YOUR GOAL: Copy each entry below verbatim. Skip the pictures.

DATA FOR REVIEW:
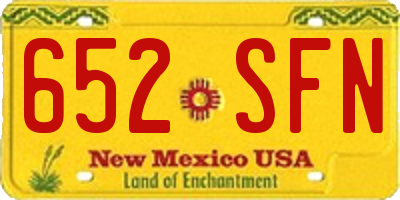 NM license plate 652SFN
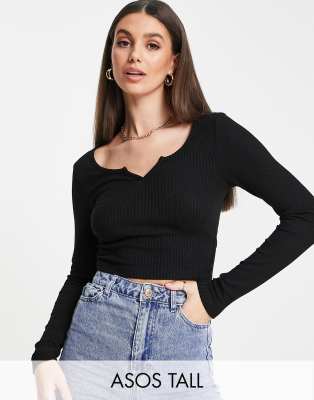 ASOS DESIGN Tall long sleeve ribbed top with notch neck in black ...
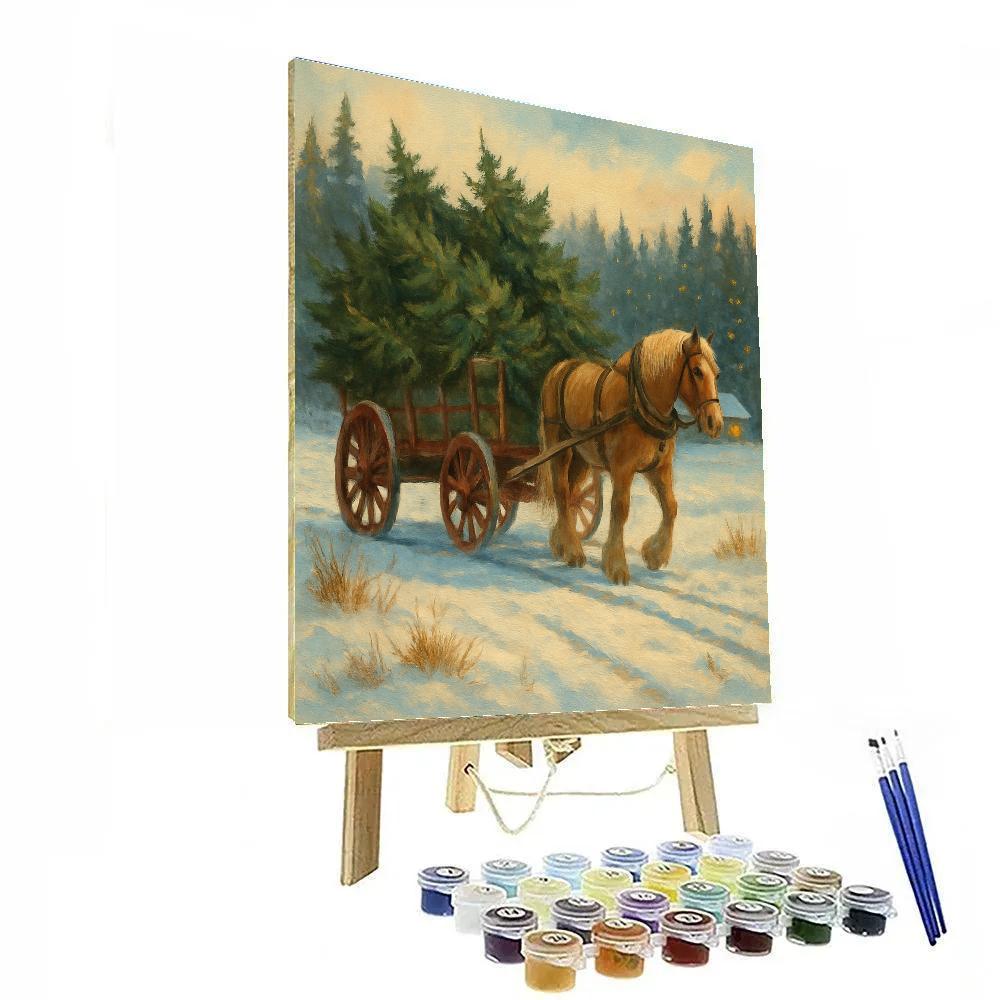 Christmas Tree Wagon Rolling Through Snowy Meadow paint by number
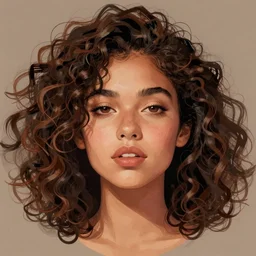 portrait of a latin young woman, curlybrown hair and, wearing round thin, she has a big, round jawline, dramatic lighting, illustration by greg rutkowski, yoji shinkawa, 4 k, digital art, concept art, trending on artstation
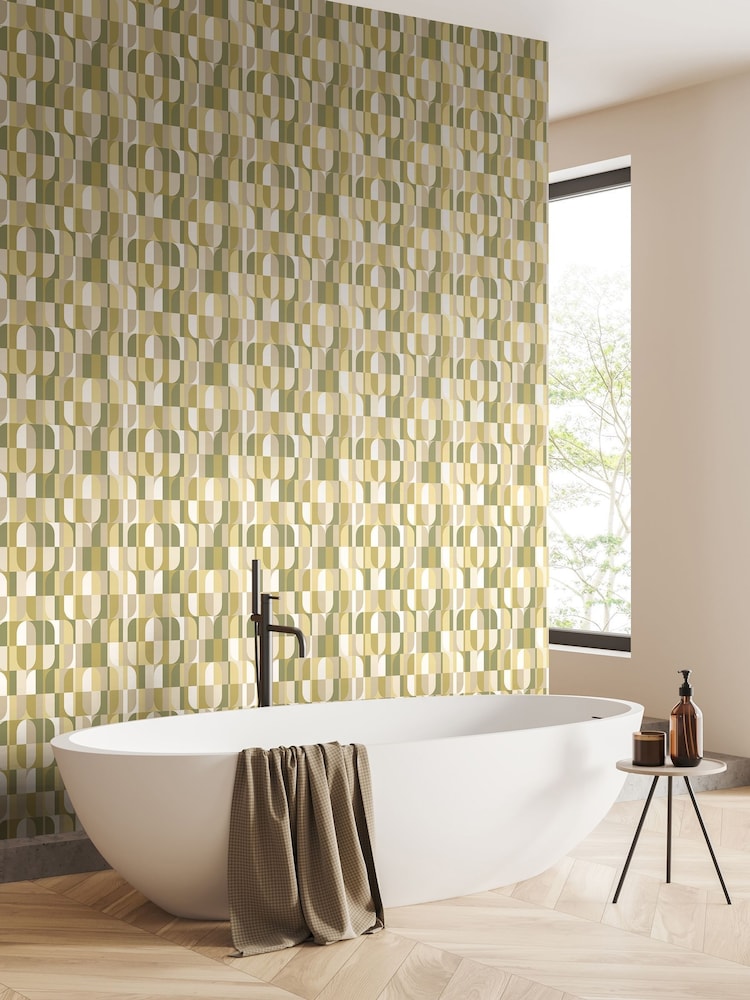 Hoopla Walls Olive Mix Building Blocks 10M Wallpaper - Image 1 of 2 Hoopla Walls Olive Mix Building Blocks 10M Wallpaper - Image 1 of 2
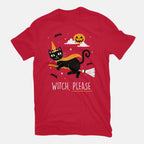 Witch Pls – Cat Graphic T-Shirt in red, flat-lay product view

TASK ANSWER:
 NM license plate 652SFN
 ASOS DESIGN Tall long sleeve ribbed top with notch neck in black ...
 Christmas Tree Wagon Rolling Through Snowy Meadow paint by number
 portrait of a latin young woman, curlybrown hair and, wearing round thin, she has a big, round jawline, dramatic lighting, illustration by greg rutkowski, yoji shinkawa, 4 k, digital art, concept art, trending on artstation
 Hoopla Walls Olive Mix Building Blocks 10M Wallpaper - Image 1 of 2 Hoopla Walls Olive Mix Building Blocks 10M Wallpaper - Image 1 of 2
 Witch Pls – Cat Graphic T-Shirt in red, flat-lay product view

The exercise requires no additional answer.